If you have ever affected a British accent . . .
If you have ever spent a sleepless night worrying about the health of Marc Jacobs . . .
If you greet friends by kissing them on both cheeks (and you are not European) . . .
If you have ever sacrificed eating in order to shop . . .
If you have ever blown a paycheck on a pair of jeans . . .
If the only McCartney you are familiar with is Stella . . .
If your Visa bill is higher than your rent . . .
If you refer to designers by their first names in conversation (although you are not on a first-name basis with them) . . .
If you pester the mailman for your latest copy of Vogue, Harper's Bazaar, and W . . .
If you have absolutely nothing to wear (but your closet would heartily disagree) . . .
If you are usually late just because you just can't figure out what to put on your body . . .
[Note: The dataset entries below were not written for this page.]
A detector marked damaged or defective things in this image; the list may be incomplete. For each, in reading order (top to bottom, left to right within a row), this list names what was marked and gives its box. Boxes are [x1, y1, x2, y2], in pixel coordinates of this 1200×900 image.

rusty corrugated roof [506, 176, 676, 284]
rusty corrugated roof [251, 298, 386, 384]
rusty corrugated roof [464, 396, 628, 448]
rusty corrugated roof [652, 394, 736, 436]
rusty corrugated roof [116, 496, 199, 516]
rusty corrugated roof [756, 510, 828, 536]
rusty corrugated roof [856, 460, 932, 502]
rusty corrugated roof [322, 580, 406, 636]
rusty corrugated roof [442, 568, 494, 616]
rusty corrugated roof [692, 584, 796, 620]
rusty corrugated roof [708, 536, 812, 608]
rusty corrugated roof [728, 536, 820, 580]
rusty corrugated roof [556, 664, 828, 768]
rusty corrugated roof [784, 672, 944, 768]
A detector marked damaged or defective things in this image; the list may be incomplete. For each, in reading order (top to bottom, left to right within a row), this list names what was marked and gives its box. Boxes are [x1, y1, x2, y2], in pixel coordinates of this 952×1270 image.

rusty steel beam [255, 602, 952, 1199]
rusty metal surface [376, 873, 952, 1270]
Then you, my friend, are a fashionista. And there is no turning back now.
(Turn the page instead!)
LIFE IN THE "FASH" LANE
Welcome to the world of four-inch heels, four-ply cashmere, and four-dollar vintage dresses. Fashionistas will do anything to score the latest, the most obscure, the most absurd, the right-off-the-runway, the trendiest, the most expensive, the least expensive, the showstopper, the uniform, the marabou, the canvas, the nylon, the silk, the leather, the suede, the velvet, the tweed, the transparent, the ostrich feathers. We are a picky and difficult breed, with closets full of shredded tulle (but it's a Galliano!) and whalebone silk corsets (but it's a Gaultier!). We shop too much, eat too little, and sleep too late.
Our lives are often punctuated by sample sales and trunk shows, sometimes interrupted by phone calls from irate creditors, and always filled with overstuffed dry-cleaning bags on our living room floor. We experience dizziness when confronted by a supremely fabulous piece of clothing (it's called Balenciaga fever), and we have trouble sleeping if we don't have the right handbag for the season.
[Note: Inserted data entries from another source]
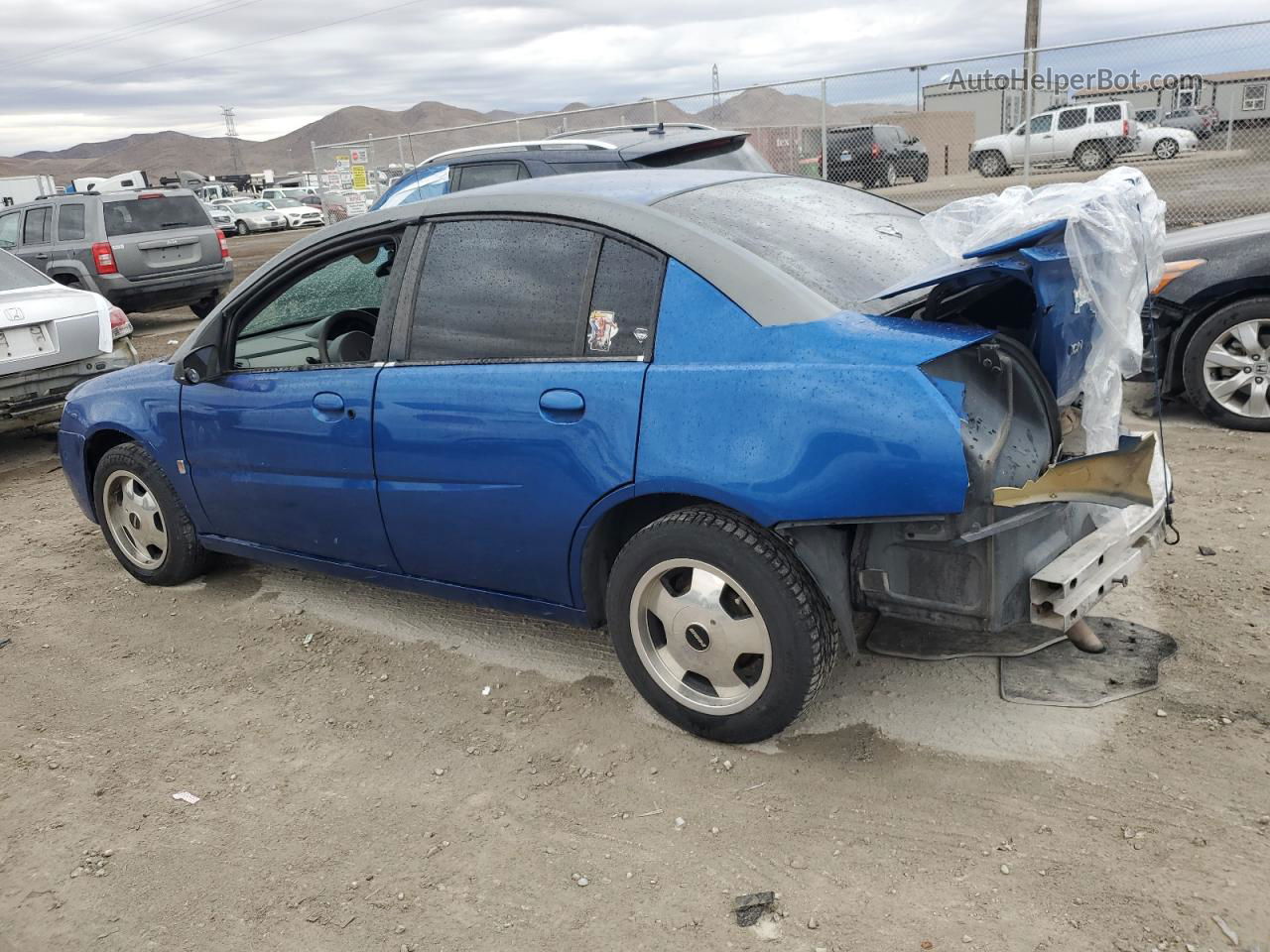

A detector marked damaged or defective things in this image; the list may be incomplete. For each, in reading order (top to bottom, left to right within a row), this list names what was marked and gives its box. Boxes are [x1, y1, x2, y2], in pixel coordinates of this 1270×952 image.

damaged rear of car [655, 170, 1168, 664]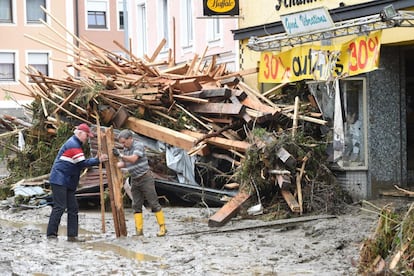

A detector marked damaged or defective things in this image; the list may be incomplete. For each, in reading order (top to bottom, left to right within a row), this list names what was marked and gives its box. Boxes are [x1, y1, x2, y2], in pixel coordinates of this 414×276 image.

damaged storefront [233, 0, 414, 198]
broken wooden plank [209, 191, 251, 227]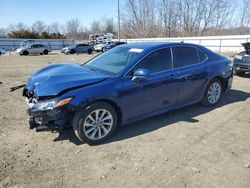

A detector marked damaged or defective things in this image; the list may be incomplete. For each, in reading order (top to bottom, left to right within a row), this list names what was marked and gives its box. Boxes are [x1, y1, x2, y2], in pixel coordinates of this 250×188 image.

crumpled hood [25, 63, 109, 97]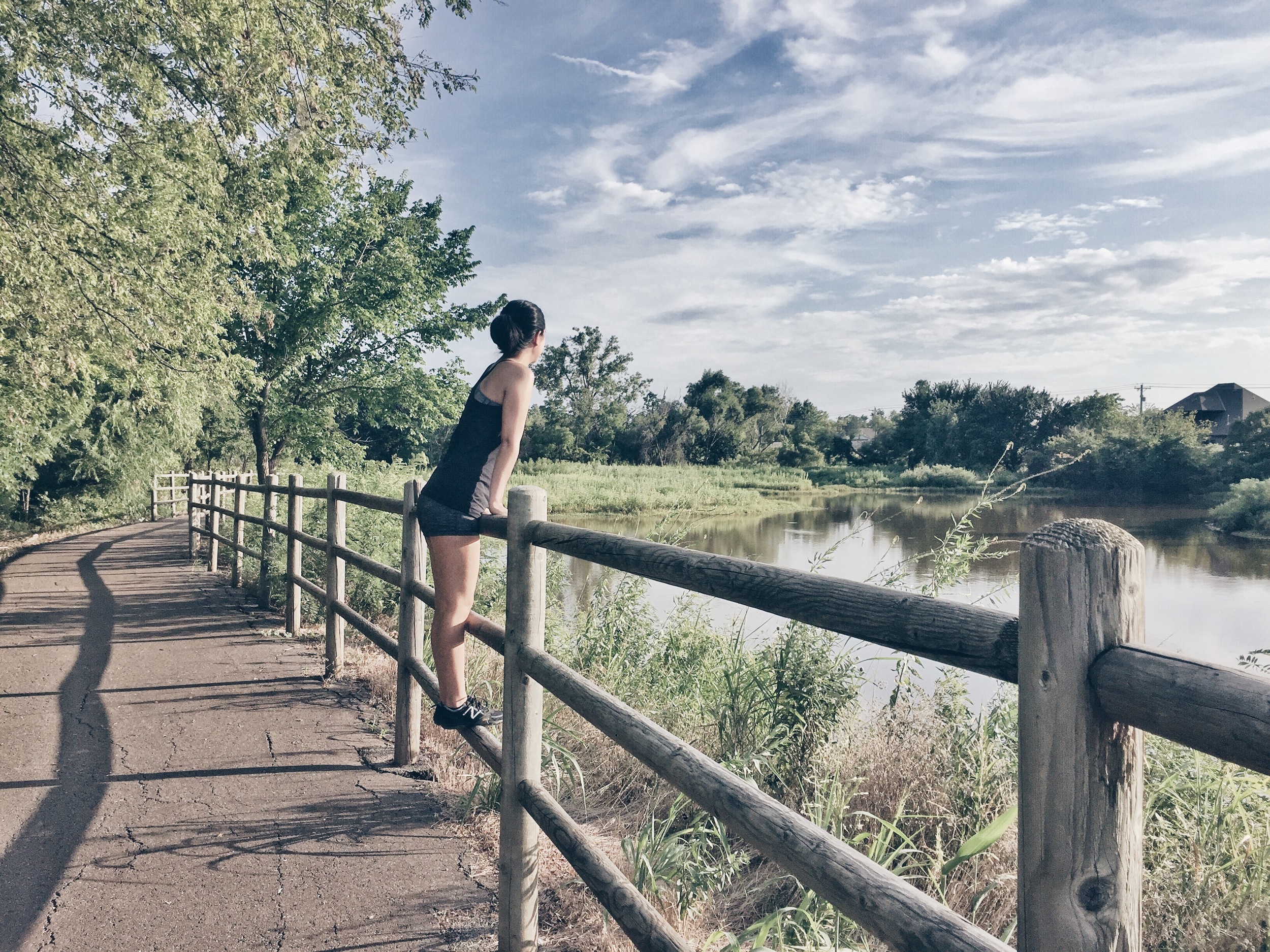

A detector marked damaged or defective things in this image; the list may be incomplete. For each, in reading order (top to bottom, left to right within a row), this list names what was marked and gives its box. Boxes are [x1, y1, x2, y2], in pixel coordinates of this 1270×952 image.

cracked asphalt [0, 523, 493, 952]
While we lust over the latest Parisian couture ball gowns, we also know the perils of head-to-toe designer, and we swoon when we see a well-dressed woman in a thrift-store jacket that may have served as the inspiration for Karl Lagerfeld's latest collection. We cheer when we score Dolce & Gabbana for 90 percent off! And sometimes we revel in retail (but shhhh, we're not proud of it). If it's impractical, theatrical, patterned, feathered, fur trimmed, and uncomfortable, you can bet it's hanging in our closet.
What we typically don't own: tailored classics, penny loafers, cable-knit sweaters (unless of course they've been shrunk, dyed, and somehow distressed, or are an intrinsic part of our ironic preppy phase). We live and die for our shoes. (They cost us a small fortune, after all.) And we'll take our favorite must-haves to our graves.
Some of you may scoff-huh, fashion is just so superficial. We have to say, it is. But it also isn't. Fashion is a part of life, something we need to protect our bodies from the cold and the radical agents that pollute the air (thank you, Alexander McQueen, for making such a mundane task look so damn good). It is also a form of art, self-expression, and a representation of more emotional roots. Fashion evokes a mental response from its appreciators. It can make us weep and make us feel empowered at once. It inspires thought, ideas, and creativity, and whether you shop Wal-Mart or Chanel, chances are we've all dealt with the same issues, moments, joys, and frustrations over fashion. Fashion. It does a life some good!
It's Not What You Can Do for Fashion;
It's What Fashion Can Do for You.
* It will cheer you up when you're feeling blue. Life is hard. Fashion is not. Wear red.
* It will transform your attitude and entire spirit. Nothing like a sleek pin-striped suit (with nothing under the jacket) or modern tuxedo with tall, tall heels and an envelope clutch to make you feel in charge. And trust us, you don't know power until you put on a pair of stiletto motorcycle boots and leather pants-or sexy until you slink into an Agent Provocateur slip and patent leather open-toe Betty Boop pumps.
* It will distinguish you from others. Who's going to forget the person who wears a gorgeous all-white suit with a black silk button-down shirt and striped black-and-white heels to an afternoon wedding, a lace dress and giant fedora to a luncheon, overalls rolled up with high, high heels and a teeny tank top and newsboy cap and great Chanel clutch for a casual Sunday brunch, or a fur jacket with a microminiskirt, knee-high boots, and a whole lot of attitude . . . for no reason at all?
* It will give you a reason to go out. What good will a hot little dress do for you if you're parked on the sofa, reading about what other people are wearing in a magazine and watching how celebrities dress on E! at the same time?